The first article in this series discussed choice of entities for the entrepreneur and the start-up company. These entities involve the sole proprietorship, partnerships, and various corporate forms. This article will address why corporations are the preferred entity for the start-up venture.
Corporations are recognized as separate legal entities from the individual owners or shareholders. The law recognizes the corporation just like it recognizes the individual. That means corporations are recognized as parties to contracts, they can be parties in lawsuits, and they have something under the law that individuals do not have, and that is continuity of life (or simply they can exist into the future even after the shareholders who compromise the owners of the company pass away).
Corporations come in various sizes and shapes. Under Federal tax law some corporations are known as “C” corporations (for Chapter C of the Internal Revenue Code) and some are known are known “S” corporations (under Chapter S of the Internal Revenue Code). A C corporation generally speaking is taxed at one level and does not permit pass-through of income or losses to its respective shareholders. Whereas, an “S” Corporation has its profits and losses passed through directly to the individual shareholder(s) of the corporation.
Whether the corporation for tax purposes is identified as a C corporation or an S corporation, for state purposes the corporation is still recognized as a separate entity and provided the corporation is properly organized and adequately capitalized it will provide for limited liability to the shareholders.

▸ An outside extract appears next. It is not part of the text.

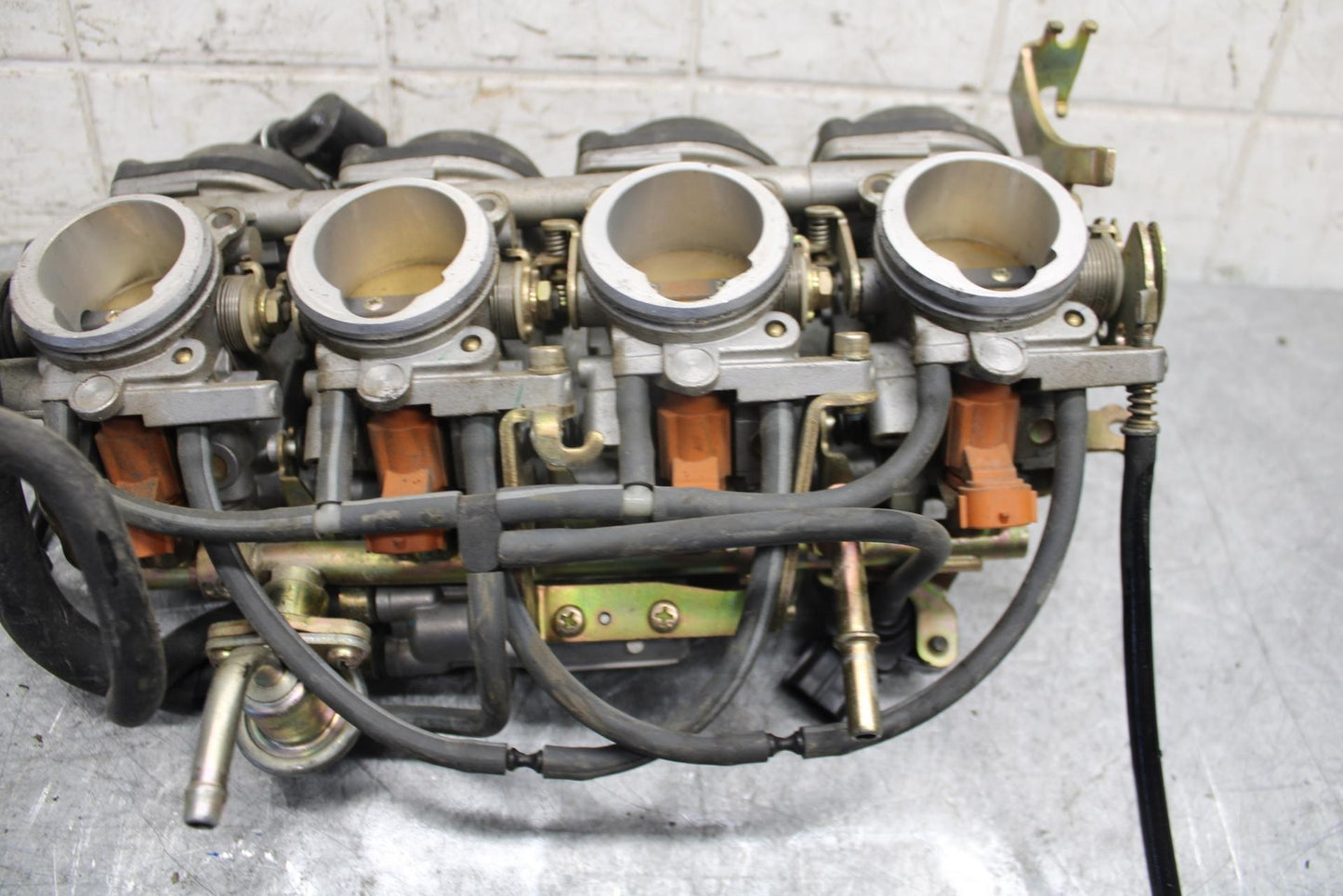 2003 Yamaha YZF R6 MAIN FUEL INJECTORS / THROTTLE BODIES 5SL-13750-00-00 BB539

When a corporation is formed it is important that it be adequately capitalized and properly documented to avoid claims by potential litigants of alter ego. Alter ego is a claim by a plaintiff that the individual shareholder or shareholders of the corporation should not be entitled to stand behind the corporation and claim no liability individually since the corporation was nothing more than their alter ego. The courts generally will accept an alter ego argument if the plaintiff can establish that the corporation was not adequately capitalized to carry on its business and/or its organizational minutes, by-laws and other documentation were not completed and kept in an orderly fashion. (Those boring shareholder and directors’ minutes need to be completed on a yearly basis and inserted into the corporate minute book. Even if the minutes simply confirm that the corporate officers and directors were authorized to act and to carry on the duties of the corporation, nonetheless they need to be completed and made part of the corporation’s minute book.)

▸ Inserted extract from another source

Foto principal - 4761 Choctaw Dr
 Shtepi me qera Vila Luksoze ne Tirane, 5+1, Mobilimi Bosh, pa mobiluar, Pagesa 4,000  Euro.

Another key benefit to a corporation is the fact that it allows for the creation of equity and debt classes. Corporations have the right to issue various types of equity. Typically, this would take the form of preferred stock and common stock. Each class of stock may have separate series with differing rights and preferences. Corporations also have the right to issue different debt instruments as well. The fact that corporations have the ability to issue equity and debt gives the entrepreneur greater opportunity to raise capital to finance the company’s business. Moreover, it is the availability of equity which gives the capital provider an incentive to give capital since an exit plan may include a second round of financing (at a higher valuation of the company’s stock) or an ultimate initial public offering or buy-out (again at a higher valuation of the company’s stock). Capital providers want to know that they have the opportunity to maximize the return on their equity investment and corporations permit this type of exit strategy. In short, equity in a corporation, although it is privately held, has a far better chance to be liquidated than an interest in a partnership.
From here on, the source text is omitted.